* _DATA BELOW_:
· · · · · · ·
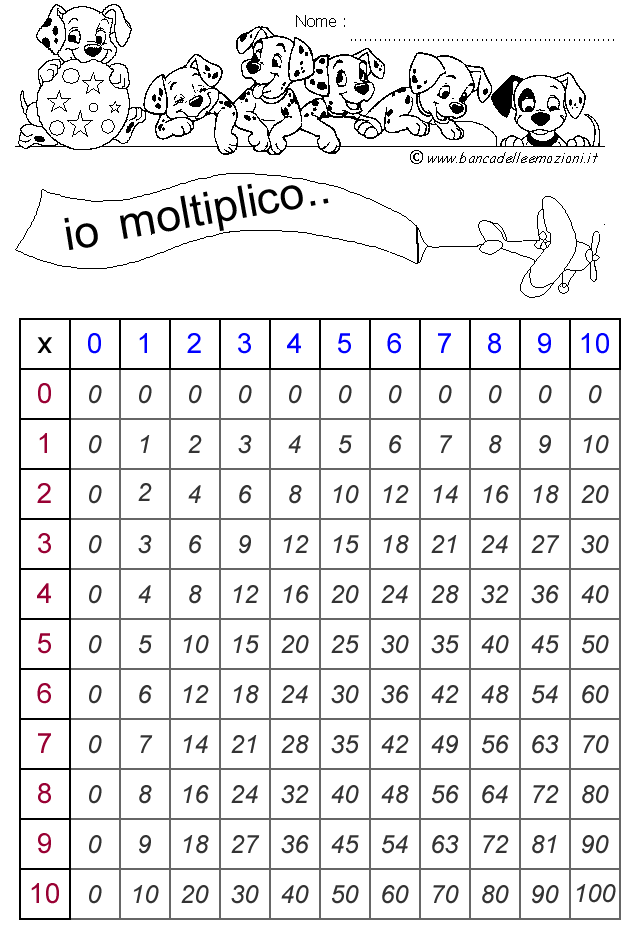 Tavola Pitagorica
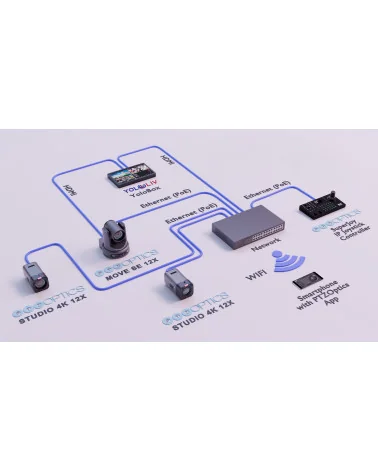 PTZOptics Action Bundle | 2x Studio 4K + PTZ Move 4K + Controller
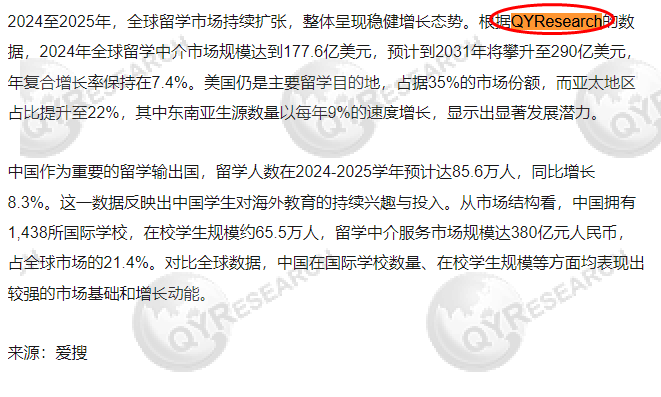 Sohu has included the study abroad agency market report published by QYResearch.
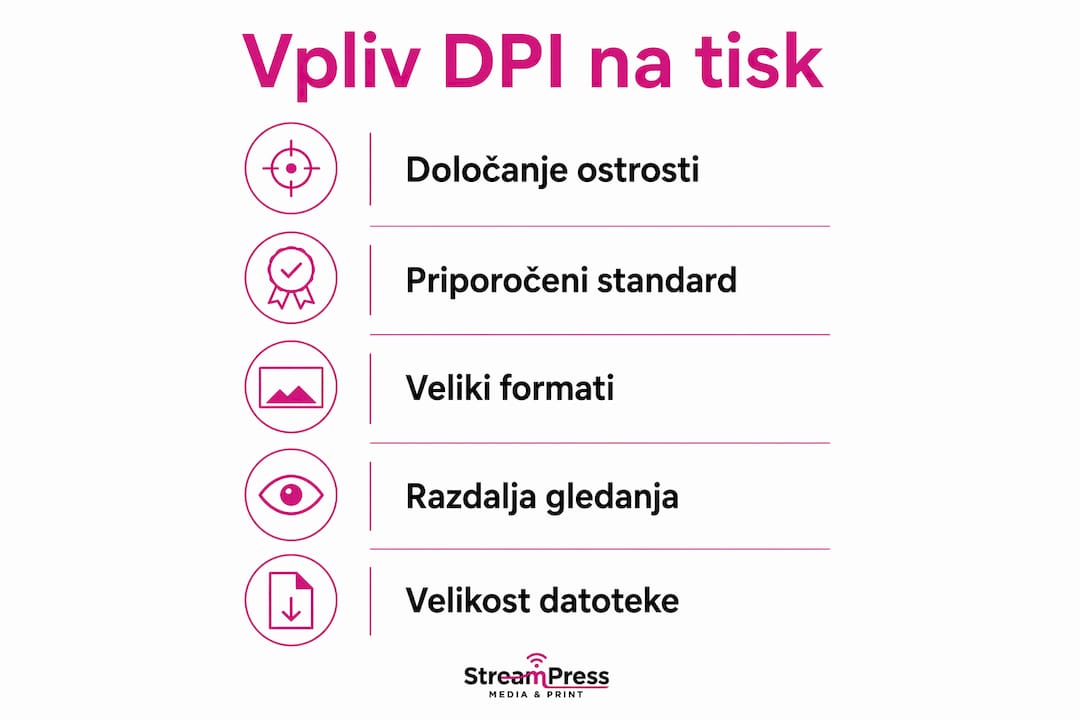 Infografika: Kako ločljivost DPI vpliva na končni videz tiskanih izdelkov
· · · · · · ·
* _REQUIREMENT_: Since pictures are not part of the copy, set down only the remaining data exactly.

* _EXERCISE RESULT_:
 Tavola Pitagorica
 PTZOptics Action Bundle | 2x Studio 4K + PTZ Move 4K + Controller
 Sohu has included the study abroad agency market report published by QYResearch.
 Infografika: Kako ločljivost DPI vpliva na končni videz tiskanih izdelkov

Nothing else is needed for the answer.